Smart image analysis algorithms, fed by cameras carried by drones and ground vehicles, can help power companies prevent forest fires

7 min read
Smokey the AI

The 2021 Dixie Fire in northern California is suspected of being caused by Pacific Gas & Electric's equipment. The fire is the second-largest in California history.

Robyn Beck/AFP/Getty Images

The 2020 fire season in the United States was the worst in at least 70 years, with some 4 million hectares burned on the west coast alone. These West Coast fires killed at least 37 people, destroyed hundreds of structures, caused nearly US $20 billion in damage, and filled the air with smoke that threatened the health of millions of people. And this was on top of a 2018 fire season that burned more than 700,000 hectares of land in California, and a 2019-to-2020 wildfire season in Australia that torched nearly 18 million hectares.

While some of these fires started from human carelessness—or arson—far too many were sparked and spread by the electrical power infrastructure and power lines. The California Department of Forestry and Fire Protection (Cal Fire) calculates that nearly 100,000 burned hectares of those 2018 California fires were the fault of the electric power infrastructure, including the devastating Camp Fire, which wiped out most of the town of Paradise. And in July of this year, Pacific Gas & Electric indicated that blown fuses on one of its utility poles may have sparked the Dixie Fire, which burned nearly 400,000 hectares.

Until these recent disasters, most people, even those living in vulnerable areas, didn't give much thought to the fire risk from the electrical infrastructure. Power companies trim trees and inspect lines on a regular—if not particularly frequent—basis.

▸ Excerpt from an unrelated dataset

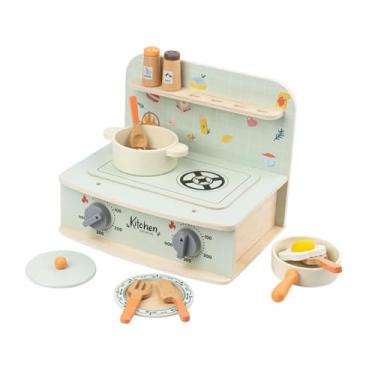 Imagem de MERIGLARE Simulação de brinquedo de cozinha, brinquedo de madeira, presente para jardim de infância, pré-escola, lembrancinhas para festa, utensílios de cozinha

However, the frequency of these inspections has changed little over the years, even though climate change is causing drier and hotter weather conditions that lead up to more intense wildfires. In addition, many key electrical components are beyond their shelf lives, including insulators, transformers, arrestors, and splices that are more than 40 years old. Many transmission towers, most built for a 40-year lifespan, are entering their final decade.